Tuesday: A small card on my desk. "You ar my bestist teecher evr. From Michael". The children are assessing "materials" for their science and I see encouraging signs: "sand is a natural material used to make glass," from Andrea; "a wooden door is man-made, but the material is natural," from Linda.
Some lateral thinking too: "a radiator has both natural and man-made materials - it is full of water," states Amber. Johnathon thinks he's a dog again. I ask him to bark a little more quietly.
Wednesday: Decide to walk the three miles to school, to see the primroses and convince myself it's almost Spring. It begins to rain when I am half way there. My supervisor visits to see my first dance and movement lesson, dramatising "The Iron Man".
The children step into the void beyond a cliff edge, piece themselves together, dig a huge pit, fly into the sun, and glide through the darkness surrounding the Earth in quick succession.

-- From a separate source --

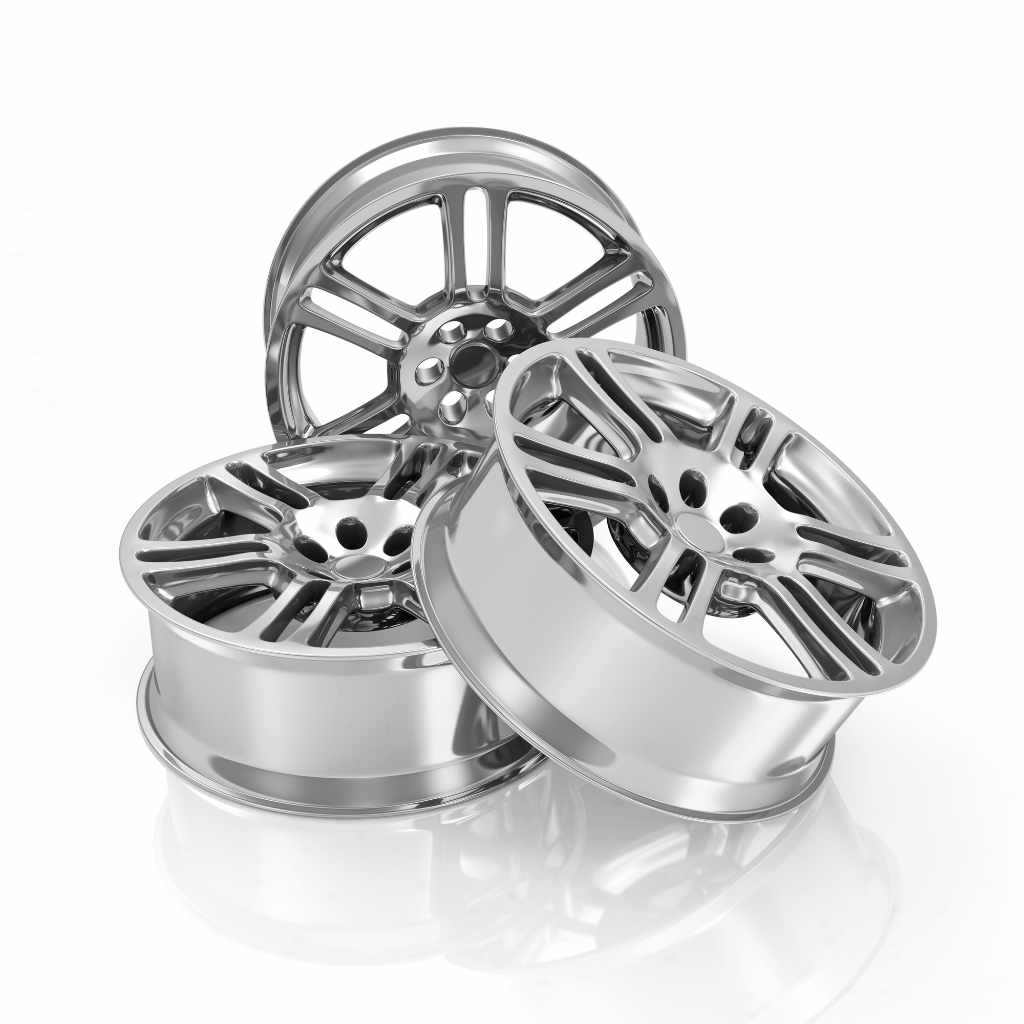 How Many Cans of Plasti Dip for Car Rims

Twenty-five minutes was possibly a mite over-ambitious for "A Story in Five Nights". The children are worn out, including Johnathon; I should have done this sort of thing more often. It turns out that my supervisor is an expert on the subject. Never mind. She has to see one mediocre lesson, it makes her feel useful.
Thursday: A busy day. Problem-solving in maths is very popular - in what order can you hang three pairs of different coloured socks on a washing line? I join in the exercise, and the children are thrilled. Four of them manage to improve on my best efforts, two of them (and here's the joy) so-called "lesser ability" pupils. I have to peel them from their work to send them out to play. A picture of the "Iron Man" has been left on my bag; on the reverse is the five times table in seven-year-old scrawl and a note. "I dont wont you to gow. From Helen". The sentiment is shared.
I start thinking about university, and the number of essays and assignments I still have to write. Teaching practice has been like an oasis in the middle of a desert; now it is all but dried up.
Friday: Johnathon is behaving strangely again. He has made a bed under the sink. At least he's calm, and not throwing chairs.
I'm taken out for lunch by my class-teacher. She's been an excellent mentor, and we have shared the same sense of humour.
Her final practical joke is a merit certificate for me in the "good work" assembly. Tears, goodbyes, and a deluge of cards and presents.
On the bus home I am already thinking of my next school, and whether I will have a job come September. As I stand up for my stop, a small card falls to the floor. "Thank you. Love from Johnathon," it says. Who wants to be a bank manager, anyway?